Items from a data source
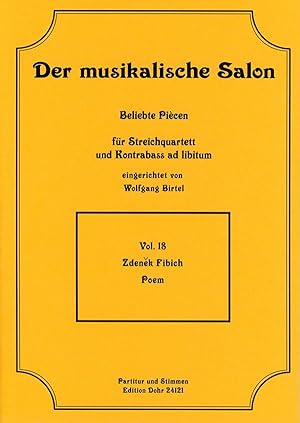 Image du vendeur pour Poem (fr Streichquartett) mis en vente par Verlag Christoph Dohr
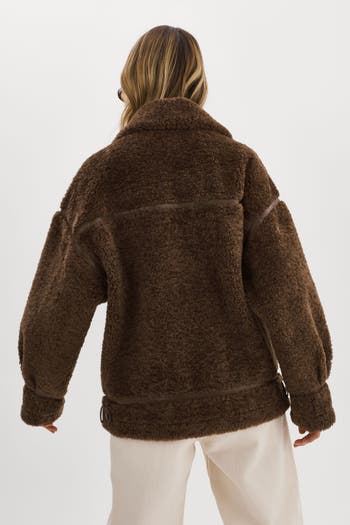Badu | Oversized Faux Shearling Jacket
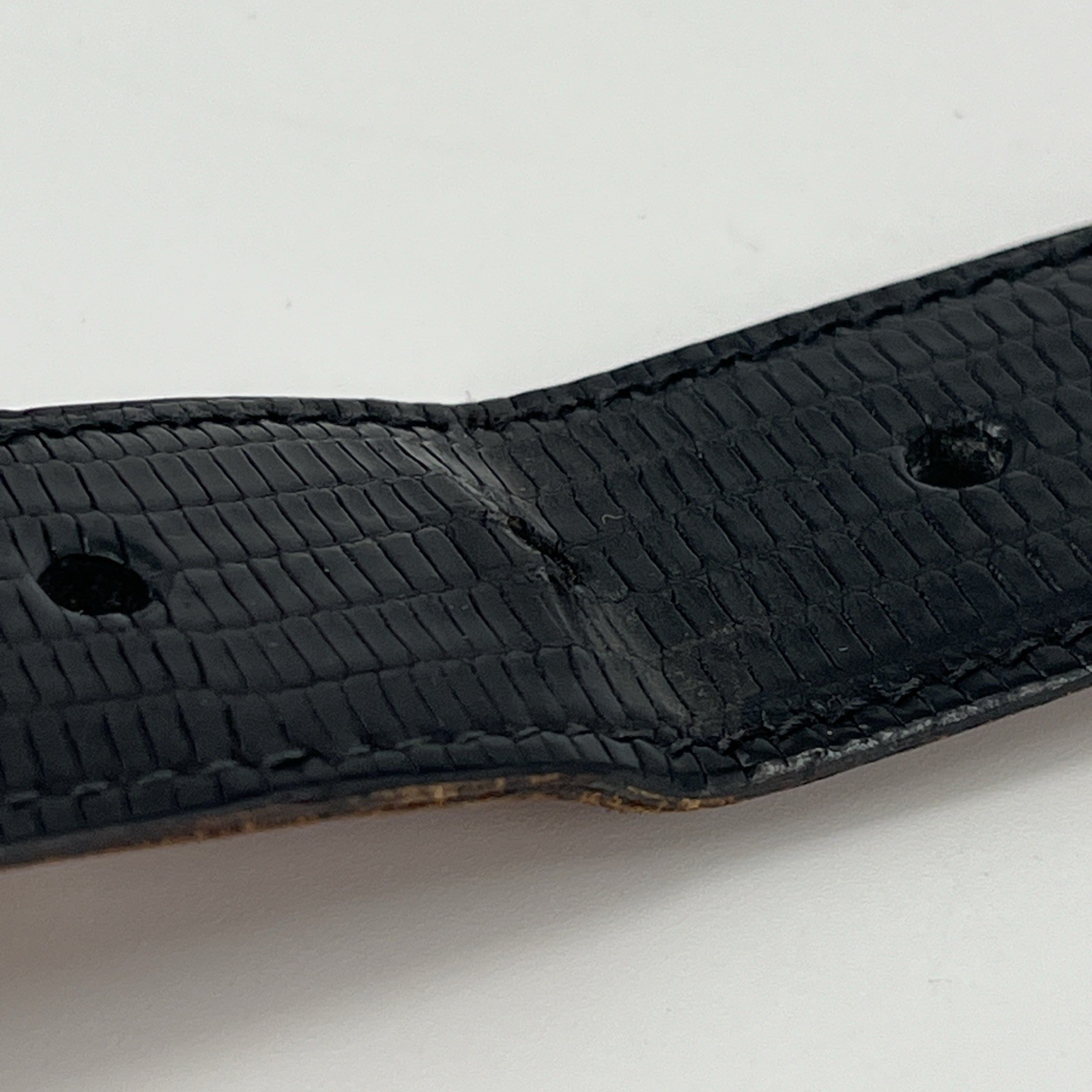 Trafalgar Burnished Java Lizard Skin Leather Blac… - image 17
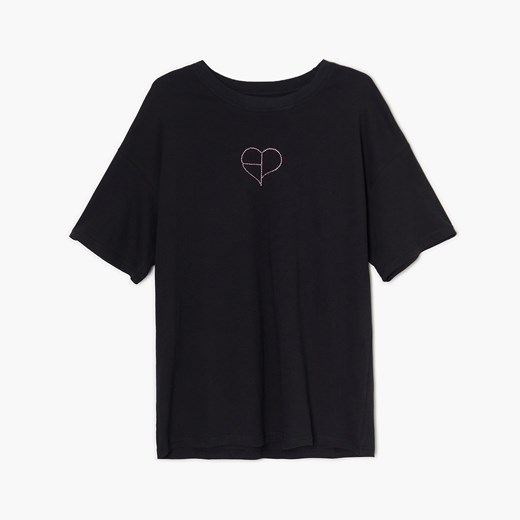 Cropp - Czarny t-shirt Blackpink - Czarny Cropp L wyprzedaż Cropp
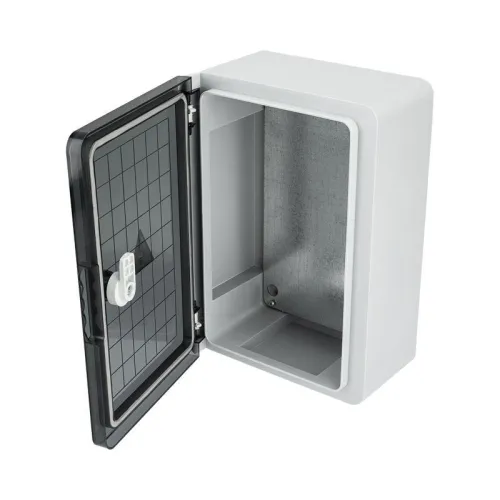 Корпус ЩМПп 320х220х130мм IP65 с прозр. дверцей пластик. Rexant 11-0452 фото 2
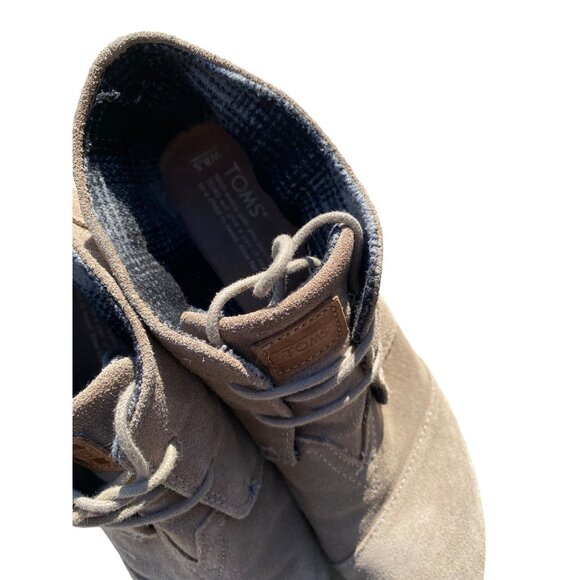 Toms Womens Suede Ankle Boots Size 8.5 W Tan - Picture 2 of 5
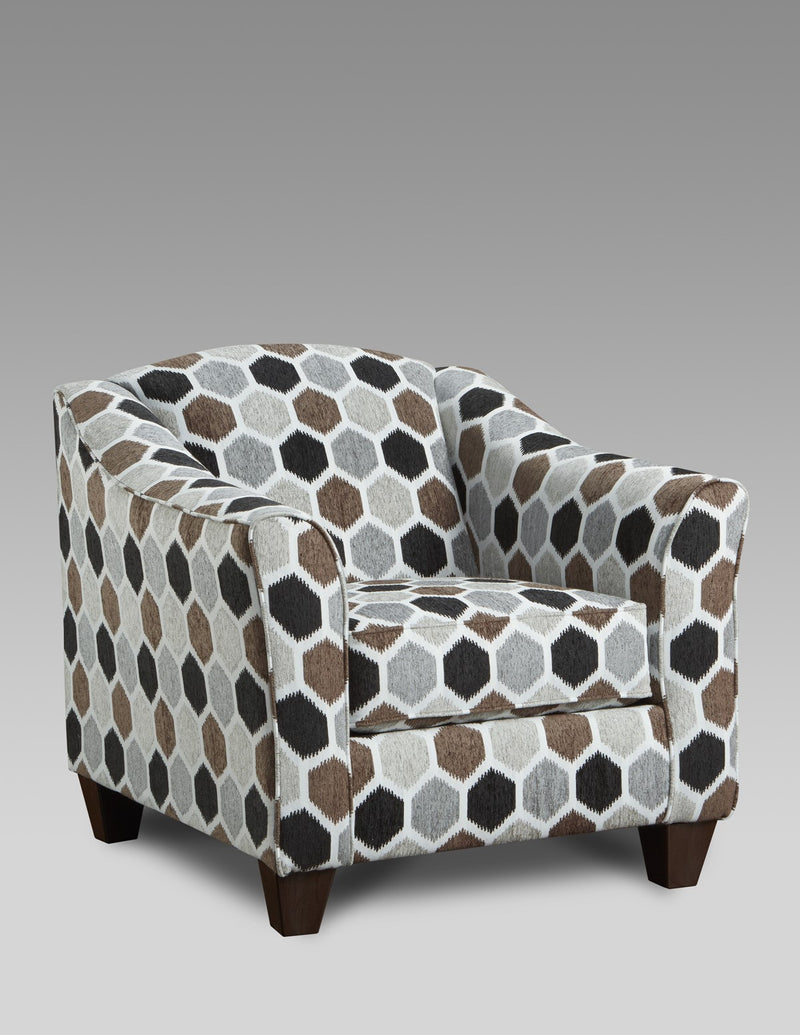 Anna Silver Accent Chair Block Party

| YOUR OBJECTIVE |
Working from the line containing "Badu | Oversized Faux Shearling Jacket" to the last line of the data, retype every line exactly, both ends included, and leave out all pictures.

| RESULT OF THIS TASK |
Badu | Oversized Faux Shearling Jacket
 Trafalgar Burnished Java Lizard Skin Leather Blac… - image 17
 Cropp - Czarny t-shirt Blackpink - Czarny Cropp L wyprzedaż Cropp
 Корпус ЩМПп 320х220х130мм IP65 с прозр. дверцей пластик. Rexant 11-0452 фото 2
 Toms Womens Suede Ankle Boots Size 8.5 W Tan - Picture 2 of 5
 Anna Silver Accent Chair Block Party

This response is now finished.